* [Problem]: Extract every line between the one with "Los Telez Foto de Los Telez posando parados" and the end of the entries, both included, word for word and free of pictures.

Exercise input START

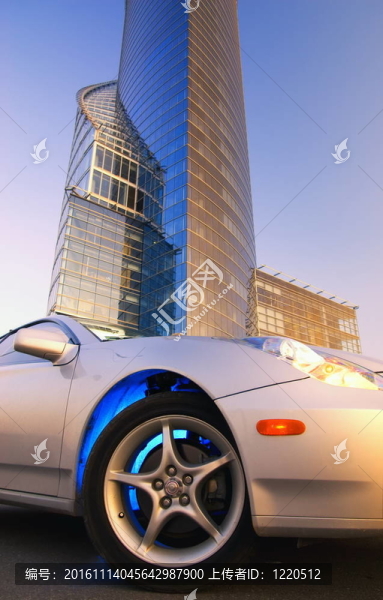 辦公樓前的現(xiàn)代跑車
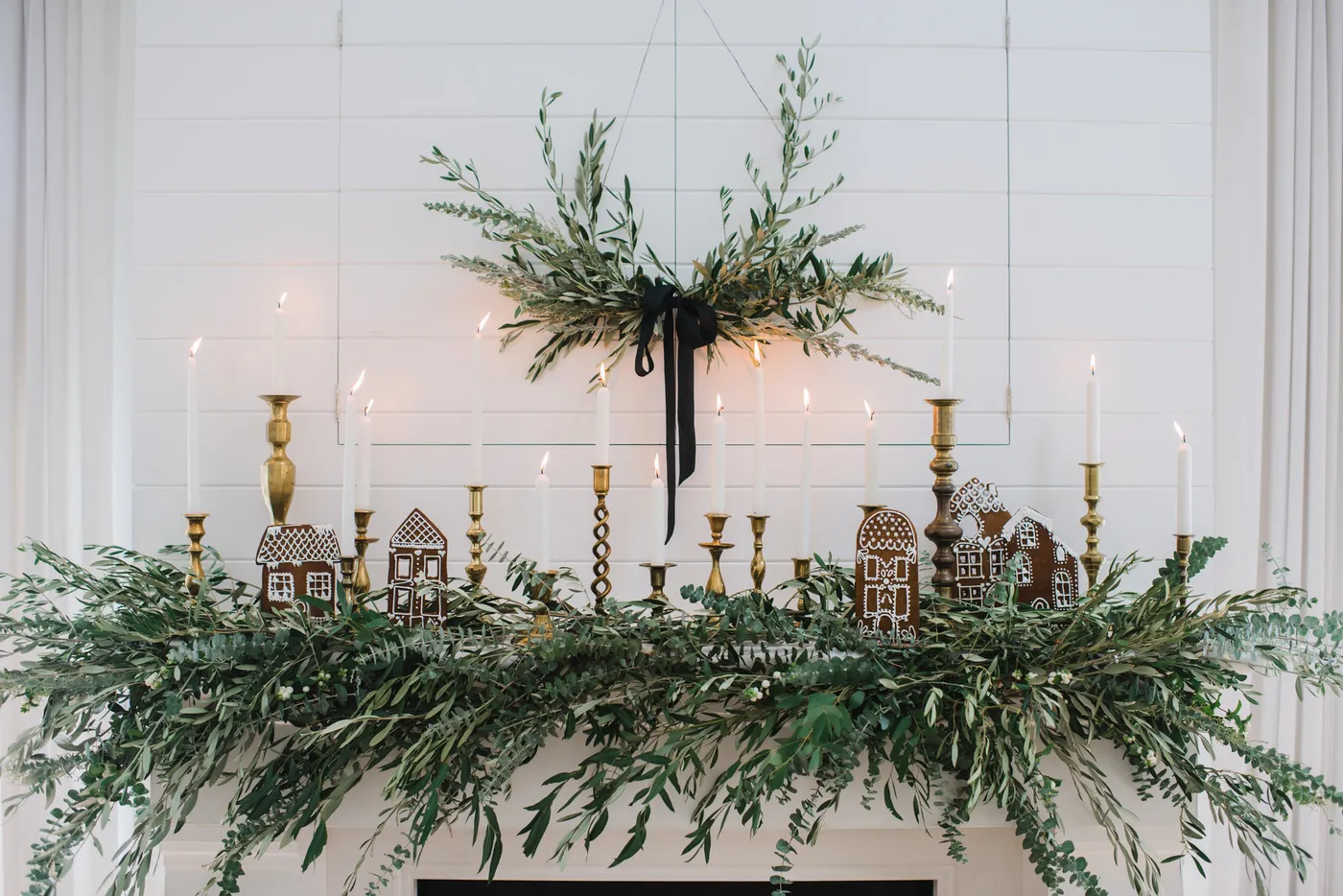 Comfort and Joy, a Guide to Your Fireplace - Monika Hibbs
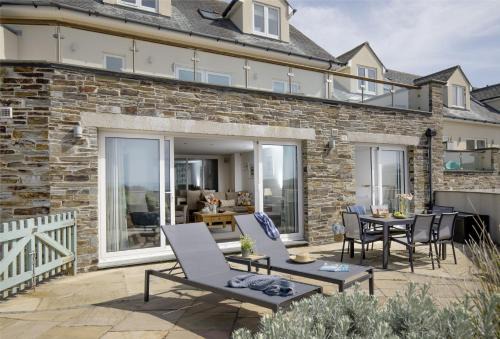 Constantine Bay House | Puffins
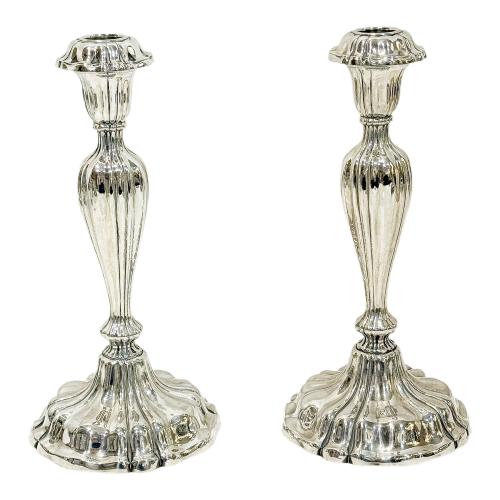 PAREJA DE CANDELEROS DE PLATA DEL ÚLTIMO CUARTO S. XX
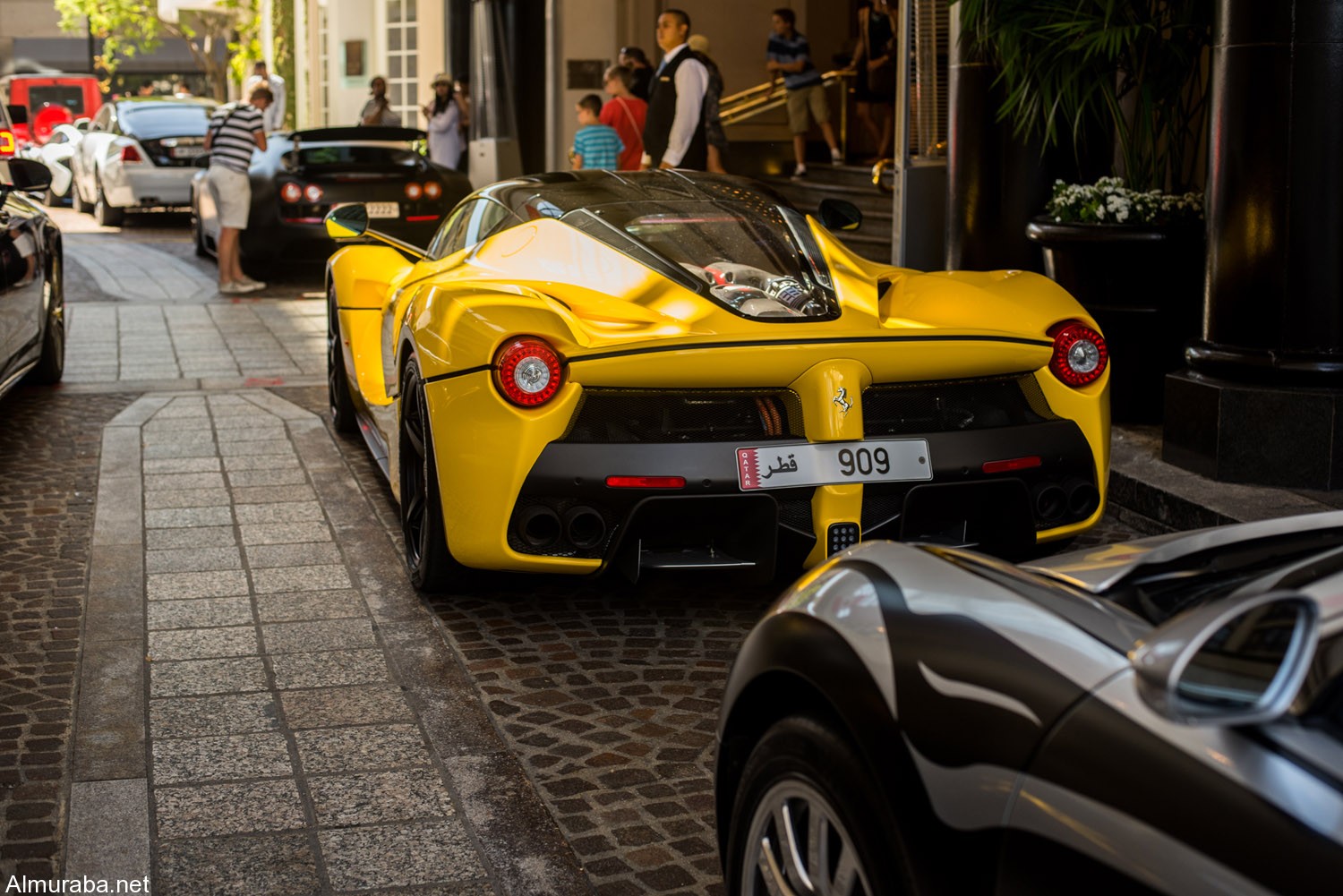 “بالصور” جولة نهاية الاسبوع مع المربع نت للسيارات الخليجية حول العالم 21 صورة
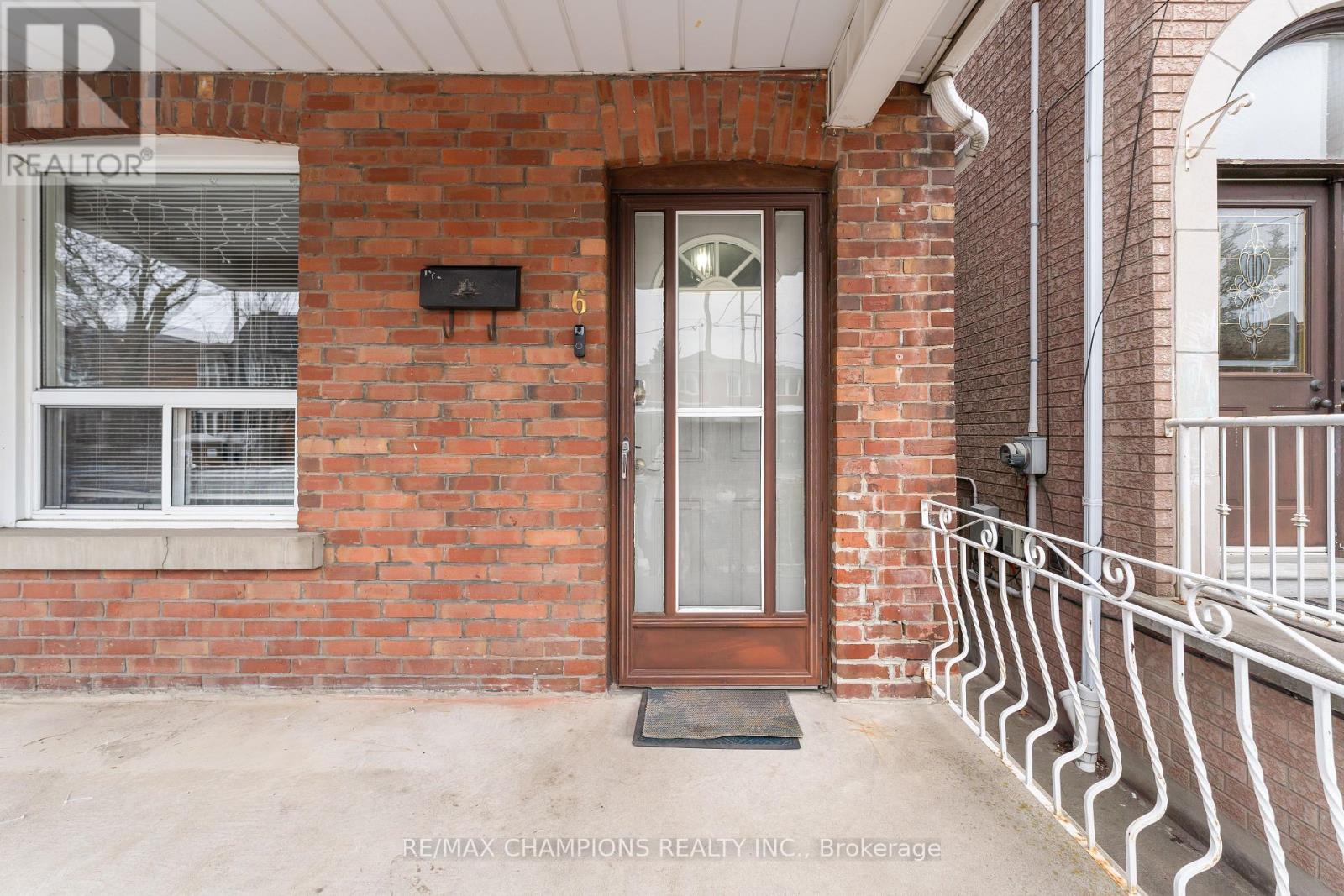 16 Macaulay Avenue, Toronto (Dovercourt-Wallace Emerson-Junction), Ontario  M6P 3P6 - Photo 4 - W11941591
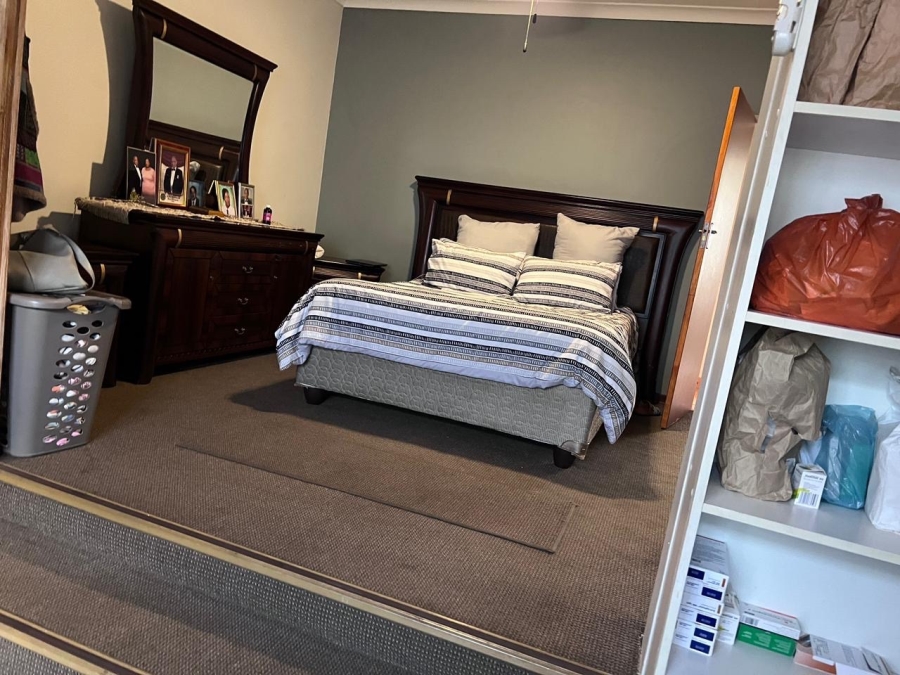 3 Bedroom Property for Sale in Mountain View Gauteng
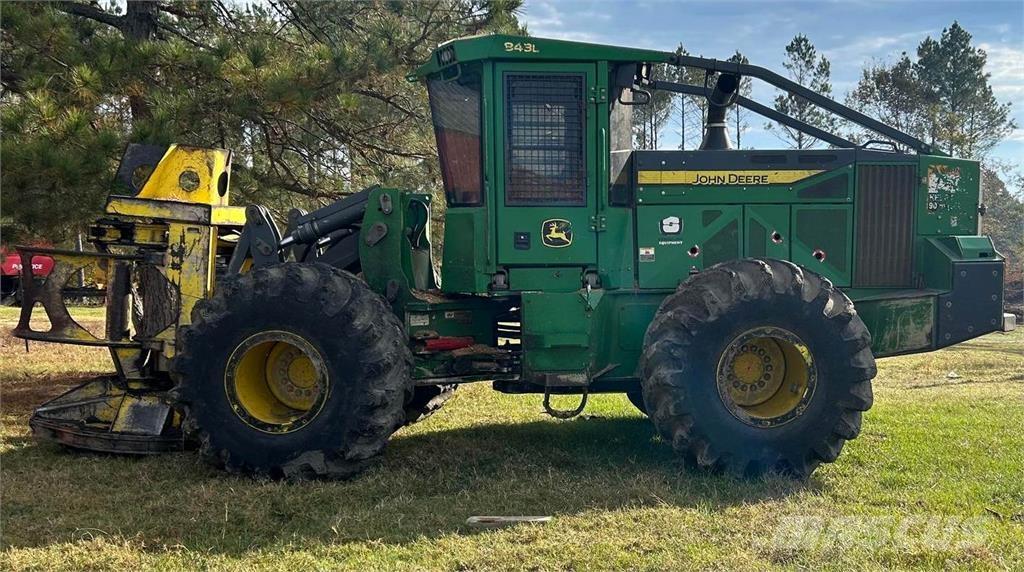 John Deere 843L Harwestery gąsienicowe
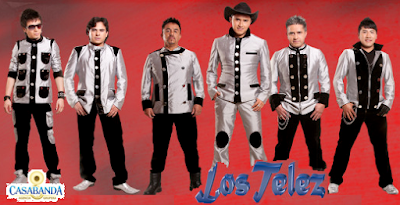 Los Telez Foto de Los Telez posando parados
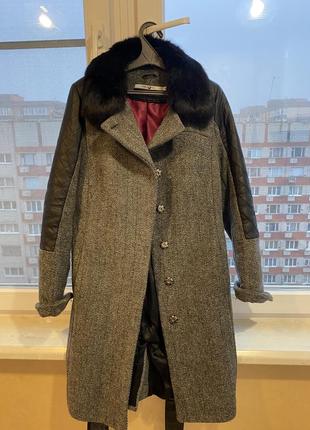 Пальто, плащ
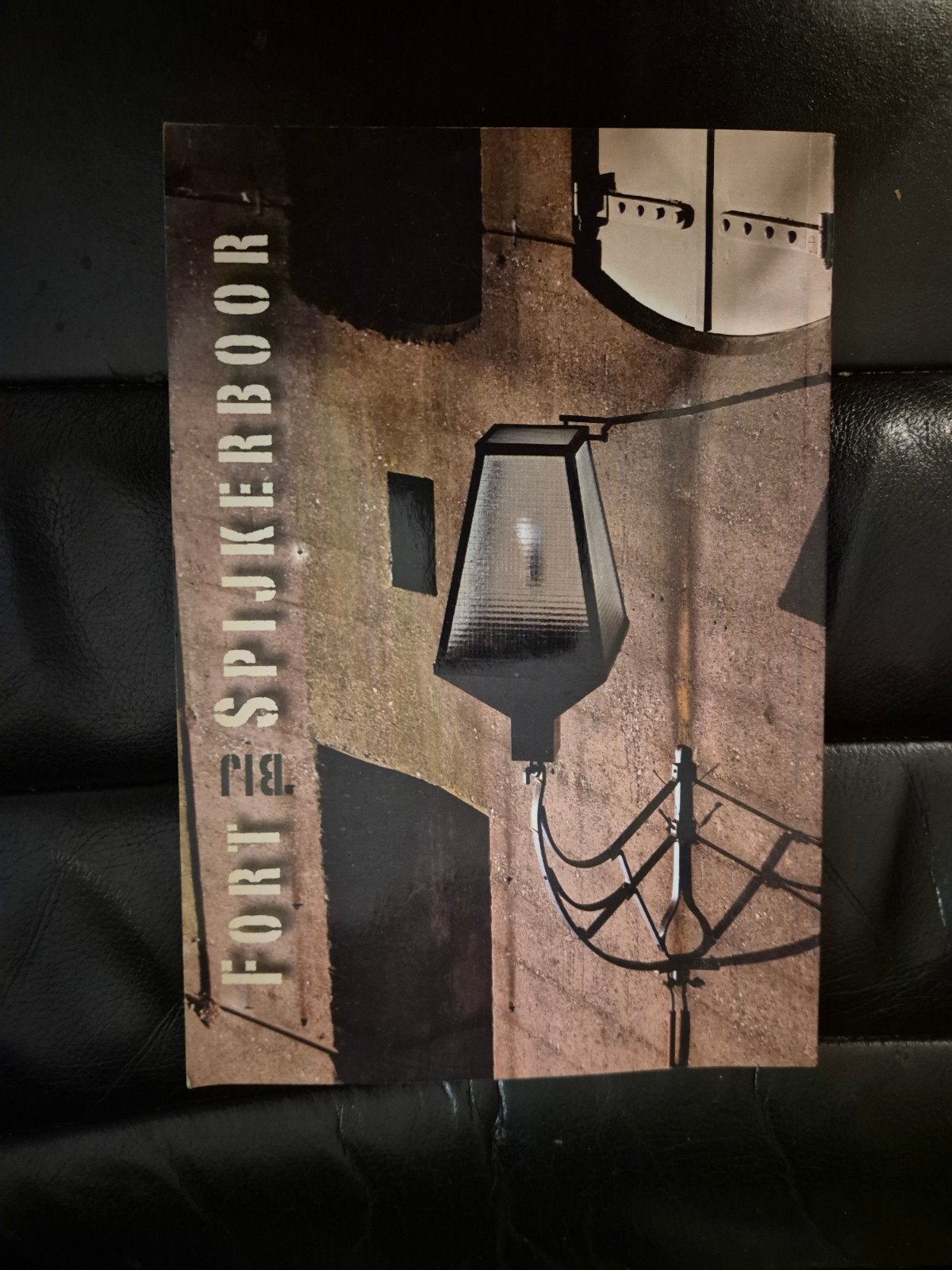 Boek: Fort Spijkerboor, Boeken, Ophalen of Verzenden, 20e eeuw of later, Gelezen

Exercise input END

* [Solution to the problem]:
 Los Telez Foto de Los Telez posando parados
 Пальто, плащ
 Boek: Fort Spijkerboor, Boeken, Ophalen of Verzenden, 20e eeuw of later, Gelezen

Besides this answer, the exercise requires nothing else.